At the same time, the Court’s recognition of proprietary rights in digital tokens raises practical enforcement challenges. Establishing ownership on-chain, tracing stolen tokens through multiple wallets, and proving control of private keys will demand a new level of technical and evidentiary sophistication. Courts and arbitral tribunals will increasingly need expert testimony, blockchain forensics, and procedural standards for digital evidence. Justice Venkatesh’s decision, though focused on one dispute, implicitly calls for the legal system to adapt its evidentiary methods to the technology it is now asked to govern.
Despite its significance, the judgment remains cautious and balanced. It does not declare all cryptocurrencies to be trust property automatically, nor does it overstep into the domain of policymaking. Instead, it confines itself to preserving the petitioner’s rights and safeguarding the value of her assets until the arbitral tribunal gives a final ruling. In doing so, it strengthens the protective capacity of Indian law without undermining contractual autonomy or international comity. The result is a decision that is both pragmatic and forward-looking, one that recognises the realities of a digital economy while staying anchored to the principles that have long defined property and trust law.
Bearing Of The Case On Law — Author’s Opinion
Rhutikumari v. Zanmai Labs marks a thoughtful and much-needed step in bringing clarity to an area where both users and regulators have long been uncertain. By recognising VDAs as a form of property that can be protected through trust and fiduciary principles, the Madras High Court has given investors and practitioners a clear legal framework to safeguard their rights. This recognition not only promotes fairness for users caught in platform failures but also builds investor confidence and aligns India’s approach with leading common-law jurisdictions such as the UK, New Zealand, and Singapore.
The strength of the judgment lies in its balance and restraint. It acknowledges the proprietary nature of digital assets without forcing them into outdated legal categories. It respects the arbitral process and foreign restructuring frameworks but refuses to let them override the rights of Indian users who did not consent to those proceedings. Most importantly, the Court’s practical remedy directing Zanmai to provide a bank guarantee or escrow ensures that the petitioner’s assets are protected while the larger dispute plays out.

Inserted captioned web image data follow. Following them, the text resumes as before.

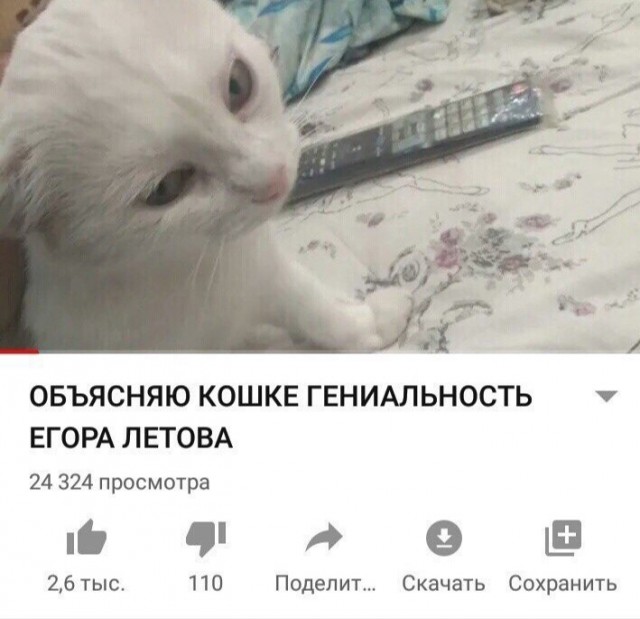 Всего понемногу. От 02.10.23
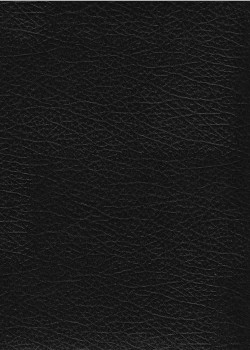 Simili cuir Skivertex "Chevreau" noir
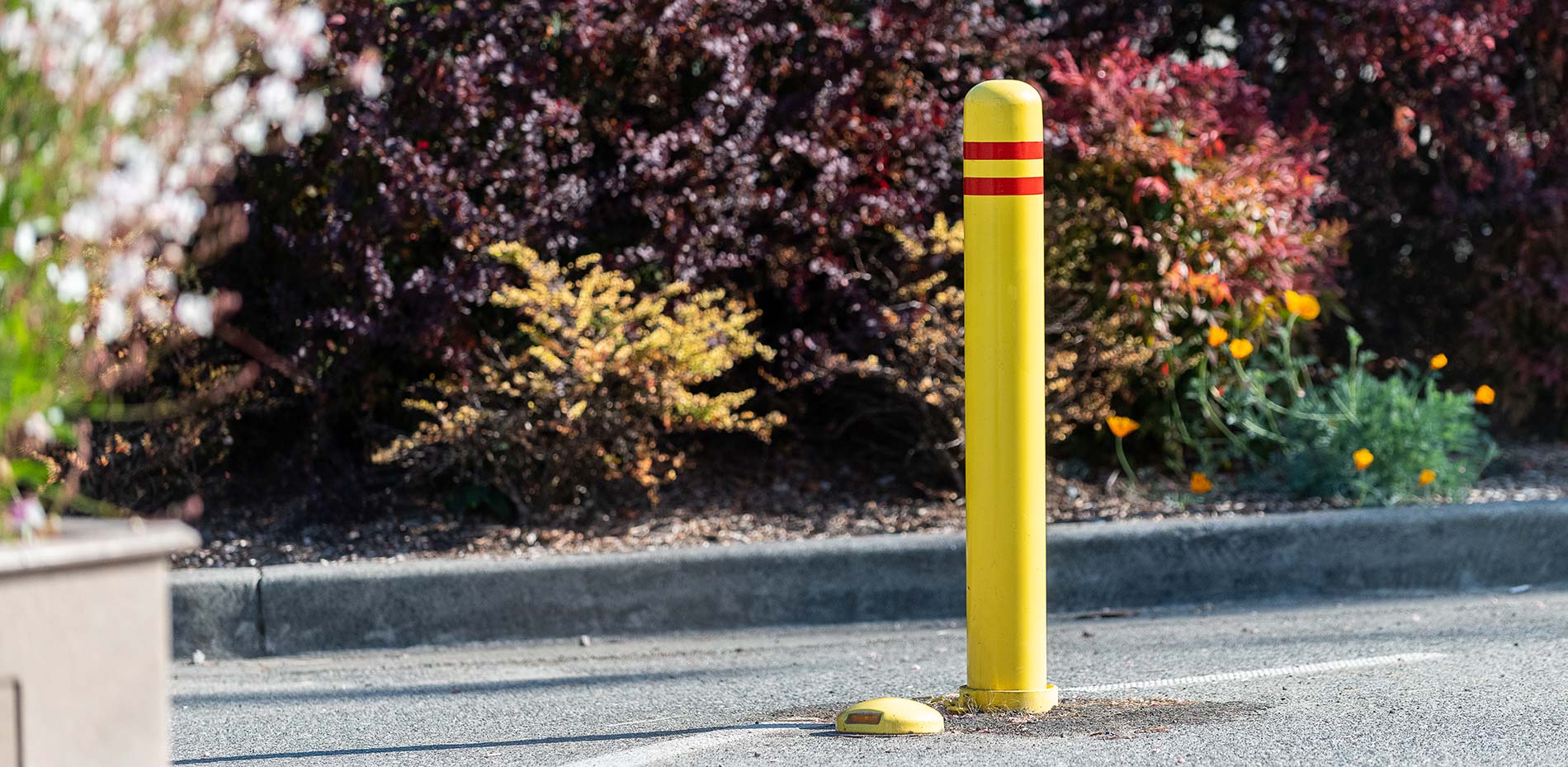 Frances Andrew Bollards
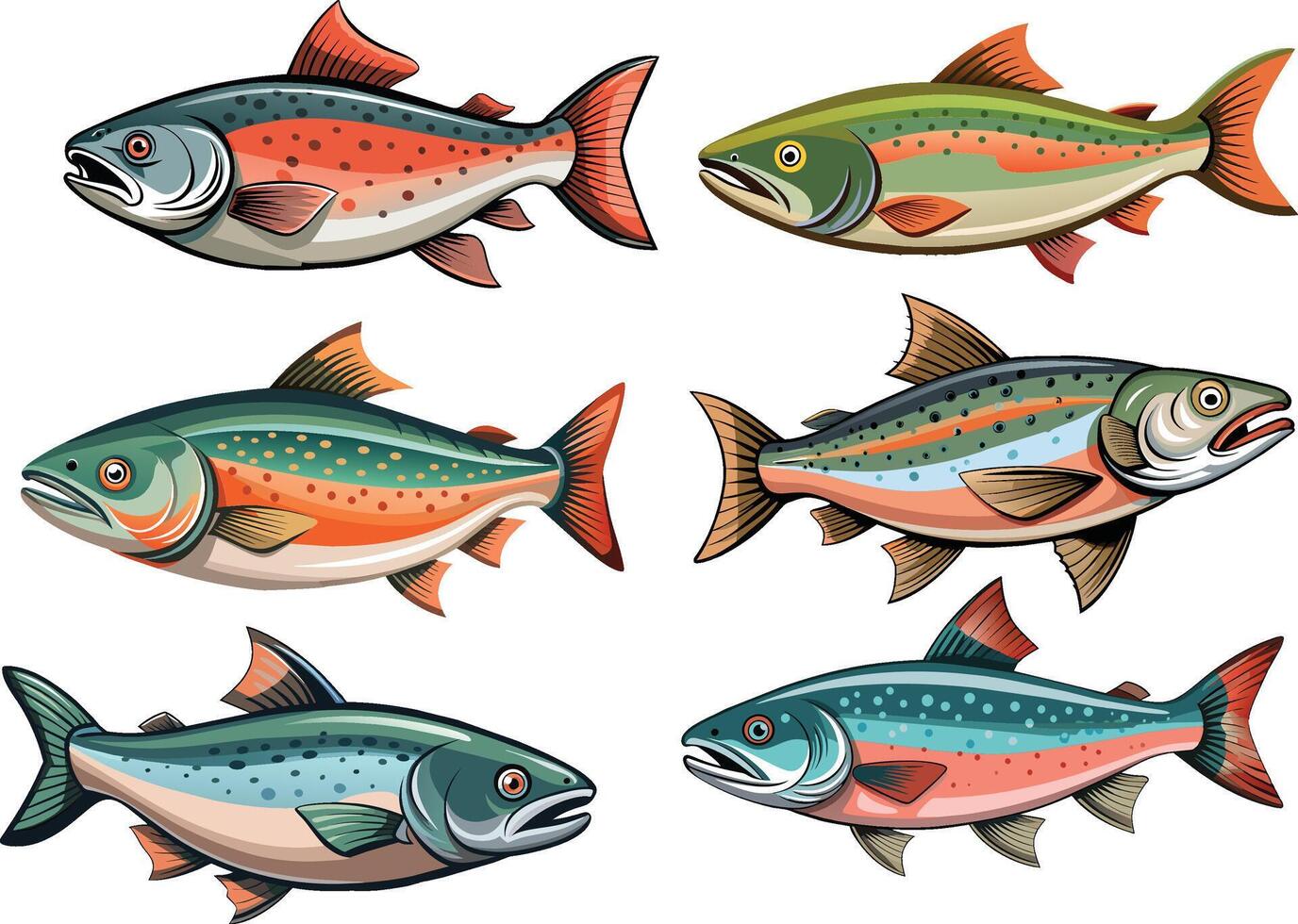 Wild Salmon Fish and Their Colors vector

Yet, the case also exposes the regulatory vacuum in India’s treatment of digital assets. While the Court has done well to provide interim protection through existing principles, there remains an urgent need for comprehensive legislation. Clear rules on custody standards, client-asset segregation, cross-border insolvency, and forensic procedures are essential if India is to avoid piecemeal, case-by-case decisions that increase uncertainty and costs.
To conclude, the case should be seen not only as a protective precedent for users but also as a call to action for lawmakers and regulators. Until a robust statutory framework is built, judgments like this will continue to serve as important guideposts helping courts, exchanges, and investors navigate the evolving landscape of digital assets in India.